Riens du tout (1992)«Je ne garde pas un souvenir très heureux de Riens du tout. En fait, ce genre de film est trop difficile à exécuter pour quelqu'un qui en est à son premier long métrage. Moi qui avais jusque-là réalisé des courts métrages avec deux acteurs, voilà que je me suis retrouvé à devoir en diriger une trentaine, avec, en tête, Fabrice Luchini! Je n'étais pas outillé pour ça, mais j'ai quand même eu l'impression d'apprendre mon métier grâce à ce film. Cela dit, je l'ai revu il y a un mois à peine pour une édition destinée aux différentes plateformes, et j'ai été étonné de constater que, finalement, le film était plutôt bien fait. C'était comme s'il était réhabilité à mes yeux, 25 ans plus tard!»

Le péril jeune (1994)«Entre tous les films que j'ai réalisés, Le péril jeune reste celui que je préfère, encore aujourd'hui. J'ai l'impression que je ne pourrai jamais dépasser, ni peut-être même retrouver l'émotion que j'ai ressentie en le fabriquant. J'ai le sentiment d'être un bien meilleur cinéaste aujourd'hui, mais cela ne veut pas dire que je fais de meilleurs films. Il est d'ailleurs un peu troublant de faire ce constat quand on vieillit, car malgré tout ce qu'on sait mieux faire, on s'aperçoit qu'on ne pourra jamais recréer ce genre de moment, intimement lié à une époque et à sa jeunesse. Et puis, ce film marque ma rencontre avec Romain Duris.»

Chacun cherche son chat et Un air de famille (1996)«Un producteur m'a dit: "Vous êtes jeune, vous n'avez pas encore d'enfants, il faut faire beaucoup de films." J'en ai réalisé deux en un an! J'ai voulu confronter une approche plus libre, plus improvisée avec Chacun cherche son chat, à celle, plus écrite, plus rigoureuse, d'Un air de famille. Je voulais voir quel style me convenait le mieux. À l'arrivée, je n'ai pas eu de réponse, car j'aime ces deux longs métrages également! J'ai alors compris qu'un film était avant tout une affaire de désir. Dans le cas de ces deux projets, les plaisirs étaient de nature différente, mais tout aussi exaltants les uns que les autres. À partir de là, je me suis dit qu'il fallait faire confiance à ses envies.»

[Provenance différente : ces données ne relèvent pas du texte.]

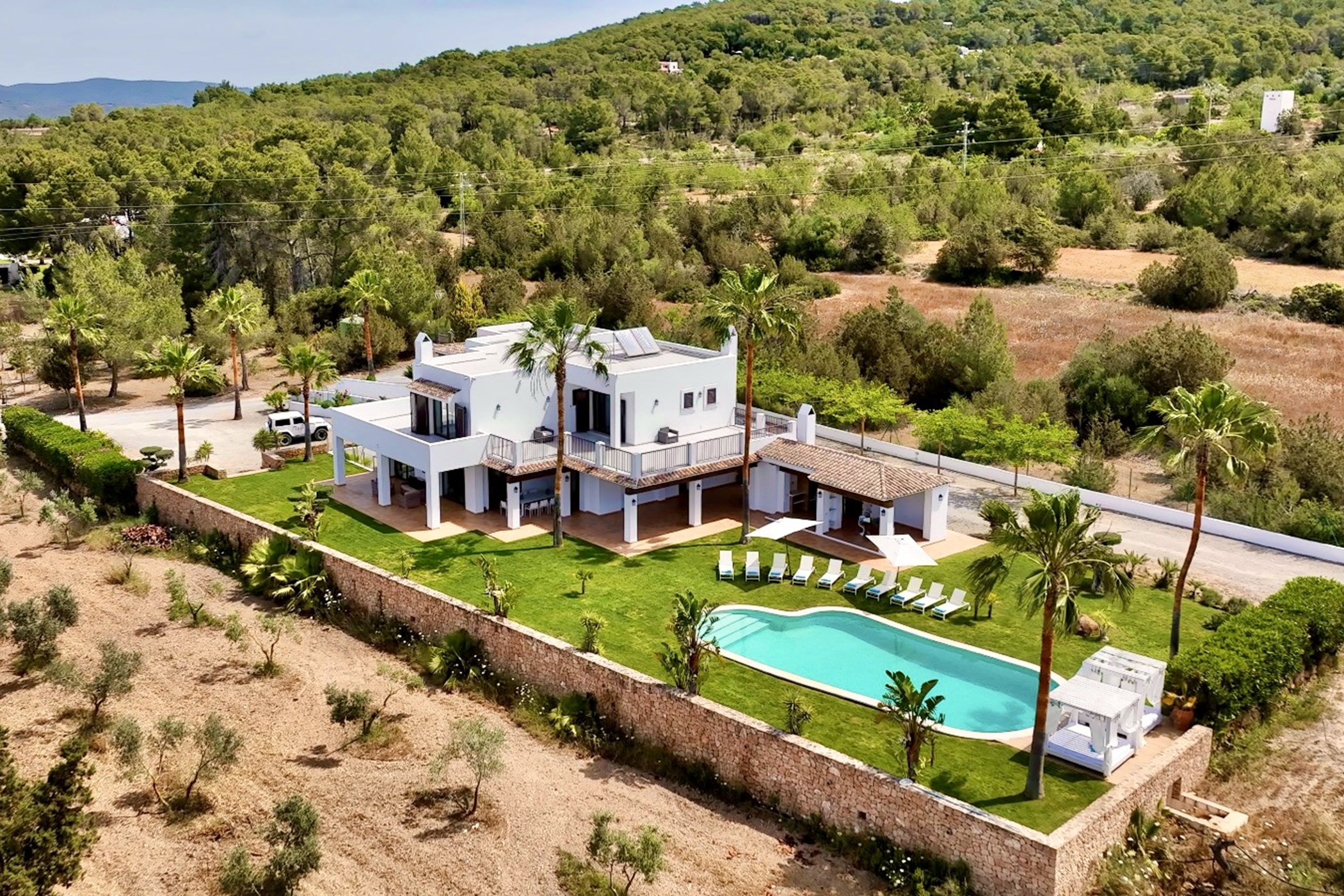 Beautiful country villa located between Ibiza and San Antonio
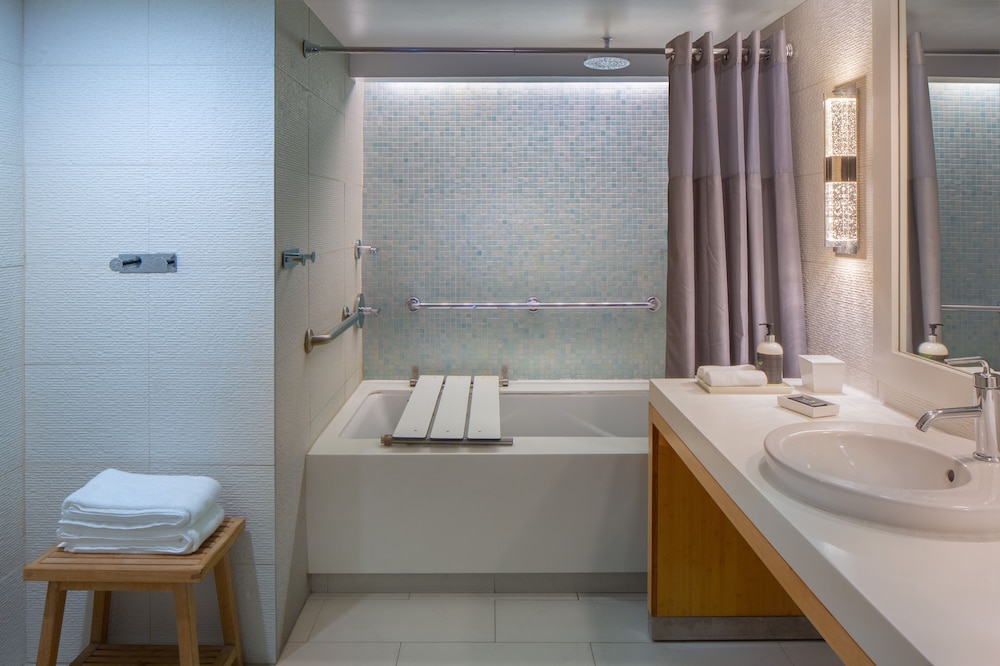 Hyatt Centric Key West Resort and Spa 11/71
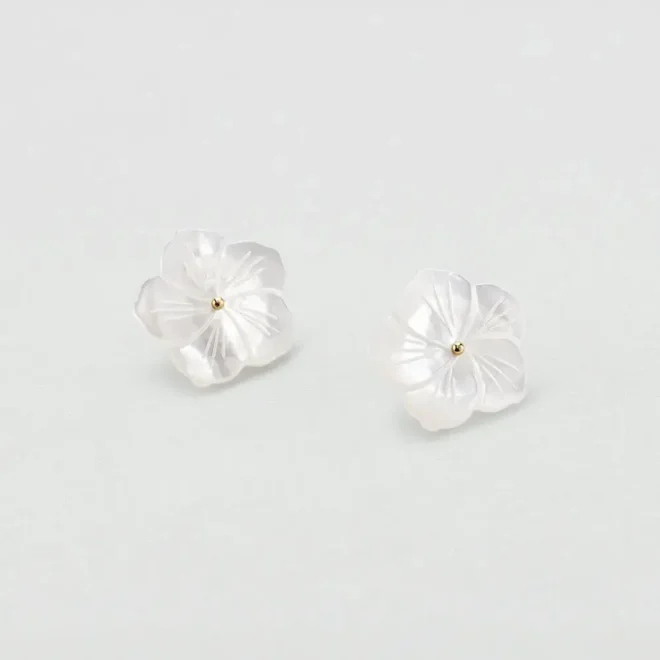 Pendientes largos AGATHA PARIS TIARE dorados con flores de nácar 02380733-094-TU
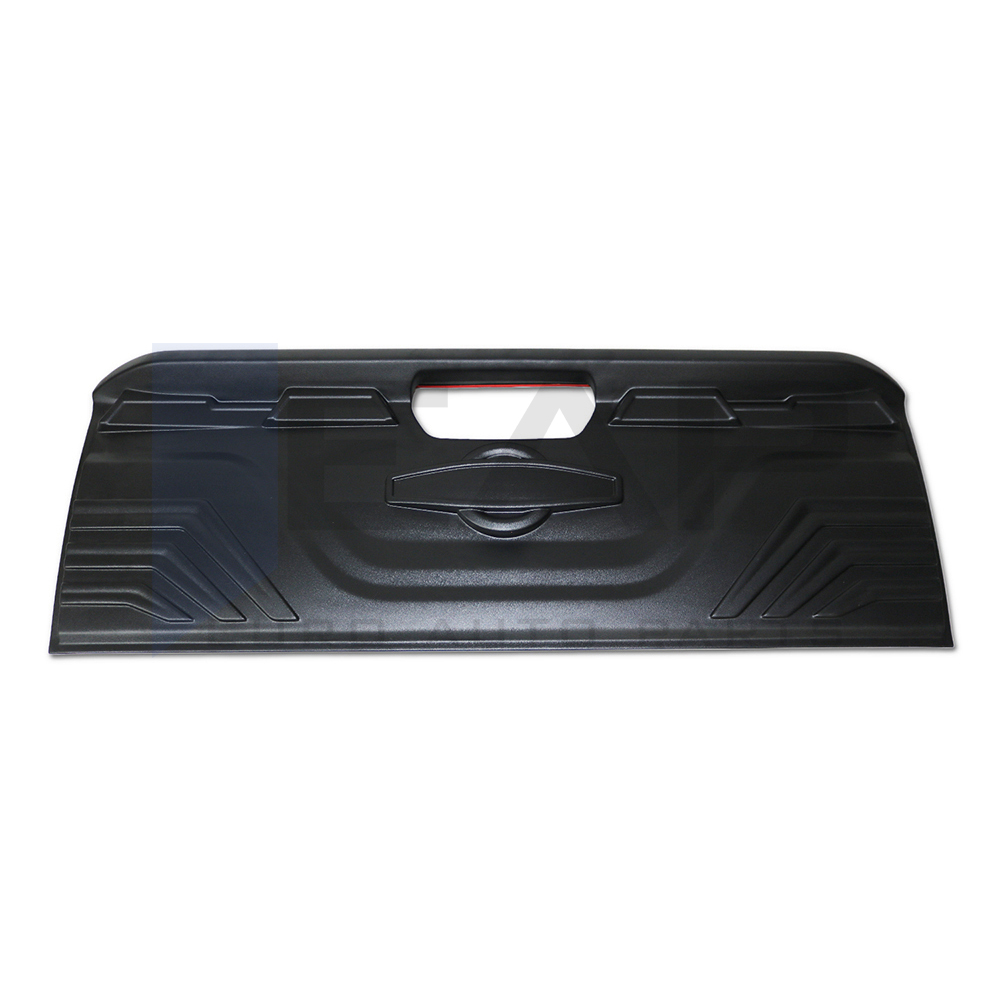 Wheel arch moulding trim cover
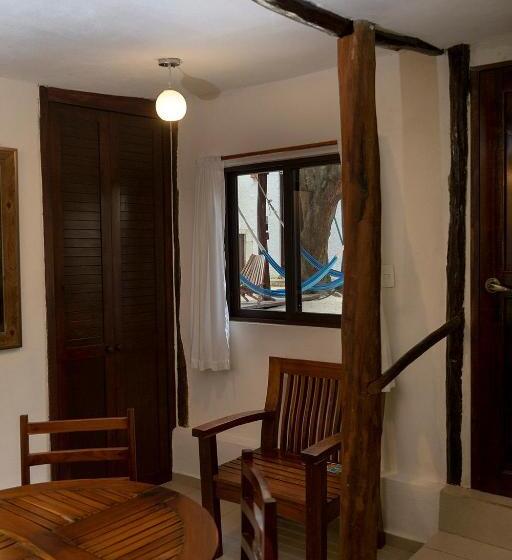 بانگلوی استاندارد, Amar Inn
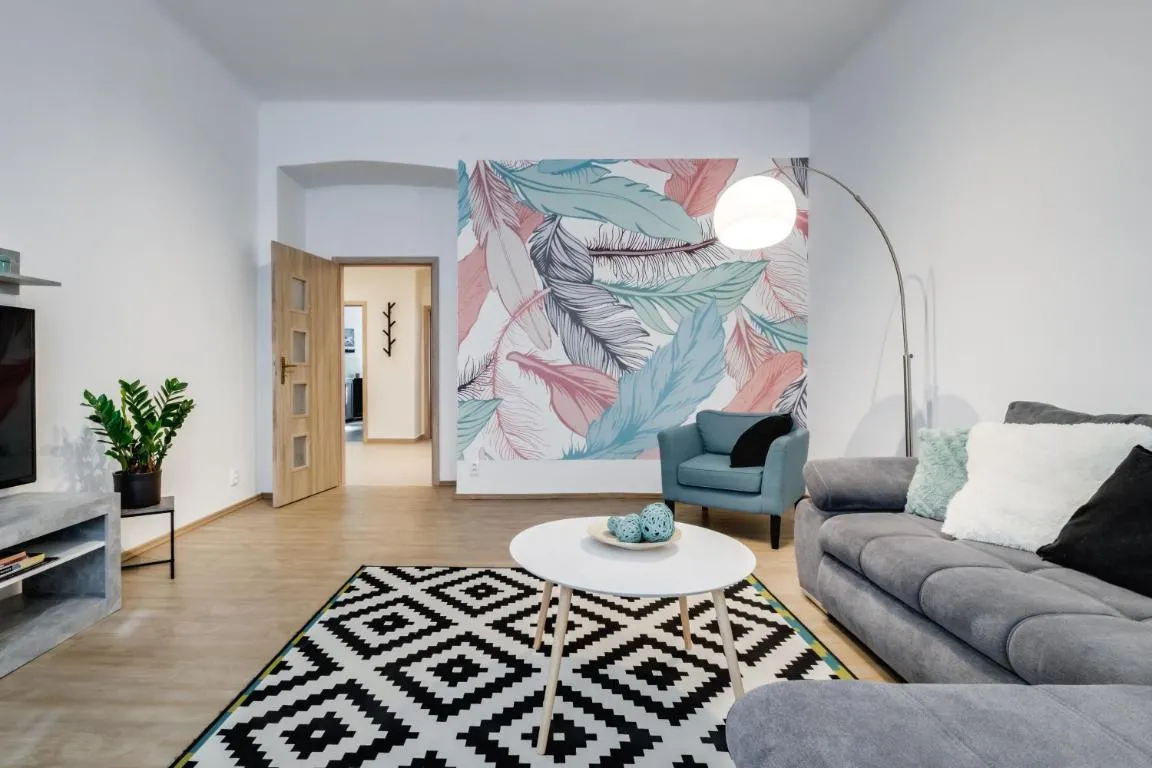 Image of Riverside CR apartment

L'auberge espagnole (2002)«À mes yeux, L'auberge espagnole est aux années 2000 ce que Le péril jeune fut pour moi dans les années 90. Il y a d'abord la découverte de jeunes acteurs dans les deux films, et puis le sentiment magique que j'en garde. Le film constituait aussi une grande expérience sur le plan du rassemblement européen. Aujourd'hui, j'ai l'impression que l'Europe se cherche, mais qu'elle est en train de se trouver. Je ne suis pas mécontent du Brexit, car l'impact n'a pas été aussi grand qu'on aurait pu l'imaginer. Il permet aussi une redéfinition de l'identité européenne, à laquelle les Anglais n'ont jamais souscrit de toute façon. L'Europe doit se fabriquer avec des gens qui en ont véritablement envie.»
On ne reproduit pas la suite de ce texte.